ノリスは、周囲の懐疑的な声があったことを認めつつ、「自分のスタイルのまま」タイトルに到達できたことが何より誇らしいと語った。
「これは僕が一番誇りに思っていることのひとつ。タイトルを、自分のやり方で勝ち取れたと感じている。誰かの真似をする必要もなかったし、マックス(フェルスタッペン)みたいに攻撃的にならなきゃいけない、と自分に言い聞かせる必要もなかった」とノリスは述べる。

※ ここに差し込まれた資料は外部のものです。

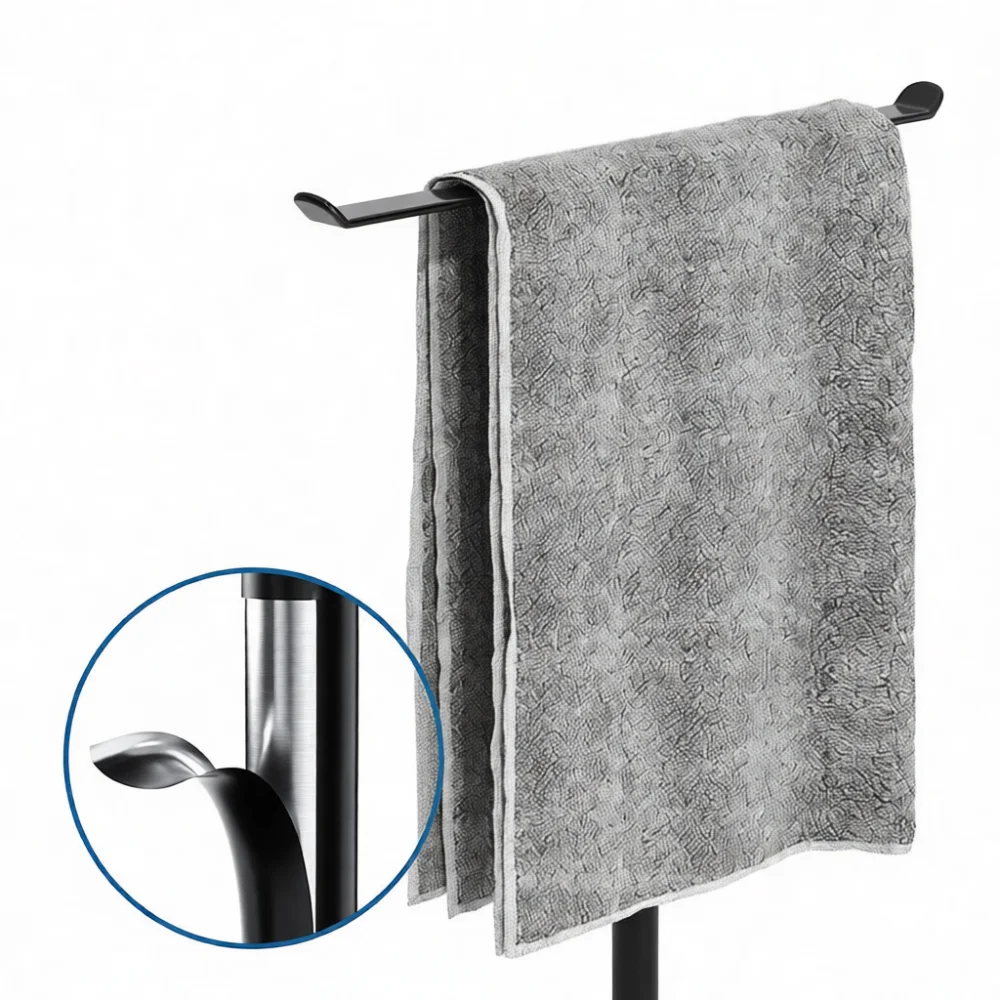 Stainless Steel T Shaped Towel Holder Modern Desktop Stand No Drill Bathroom Hand Towel Organizer Shelf Storage Accessory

「自分らしいまま勝てたことが本当にうれしい。期待される“別の自分”になろうとすることもできたけど、そうしていたら今回のタイトルに誇りを持てなかったと思う。僕は冷静さを保ち、自分自身に集中し続けた。」
同時にノリスは、これまでに口にした発言の中には後悔しているものもあると率直に認めた。
「時々バカなことを言ってしまうんだ。マックスについて言ったこともあれば、過去にルイス(ハミルトン)について言ってしまったこともある。いくつかは後悔しているし、取り消したいものもある」と語る。

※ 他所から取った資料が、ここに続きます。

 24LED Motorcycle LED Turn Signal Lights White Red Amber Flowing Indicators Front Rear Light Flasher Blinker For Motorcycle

しかしノリスは、他のドライバーへの敬意は誰にも負けないという。
「僕は他のどのドライバーよりもリスペクトを示しているつもりだ。オスカー(ピアストリ)にも、マックスにも敬意を持って接してきた。ルイスにもできる限り敬意を示している。彼は7回のワールドチャンピオンで、このスポーツのベストだ。マイケル(シューマッハ)と比べられる存在なんだからね。僕なんてそのレベルにはまだ全然届かない。もしかしたら一生届かないかもしれない。でも夢を見るのは自由だし、今日という日も夢見てきた。そして一度だけど、それを叶えることができた。彼はそれを7回成し遂げたんだ。」
さらにノリスは、レース直後の“クールダウンルーム”などでの不用意な発言にも触れた。

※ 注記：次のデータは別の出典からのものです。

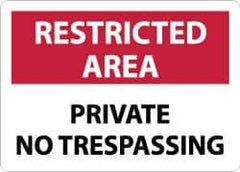 NMC - "Restricted Area - Private No Trespassing", 10" Long x 14" Wide, Aluminum Safety Sign - Rectangle, 0.04" Thick, Use for Security & Admittance - Apex Tool & Supply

「言った瞬間に『なんでこんなこと言っちゃったんだ?』と思うことがある。でも僕は正直でいたいし、誰かをミスリードしたくない。勝てると思えばそう言うし、レッドブルが速いと思えばそう言う。それを隠しても得るものは何もない。」
そして、外部の批判や雑音についても、ノリスは冷静だった。
「何か変なことを書かれたり言われたりするのは嫌だけど、それも人生の一部だし、うまく向き合う術を学んだ。好き嫌いがあるのは当然だし、誰かが僕より他のドライバーのほうが上だと思うのも当然だ。」
「僕は僕のやり方でタイトルを取った。良い人間でいたいし、良いチームメイトでいたい。それを誇りに思っている。他人の評価は関係ない。真実を知っているのは僕の周りの人たちだけだし、外の声に耳を貸す必要もない。自分自身が良い仕事をしたと証明できれば、それだけで十分なんだ。」
初めての世界王者の言葉とは思えないほど落ち着き、自省も交えながら語るノリス。その姿は「自分らしさ」を武器に頂点へ辿り着いたチャンピオンらしいものだった。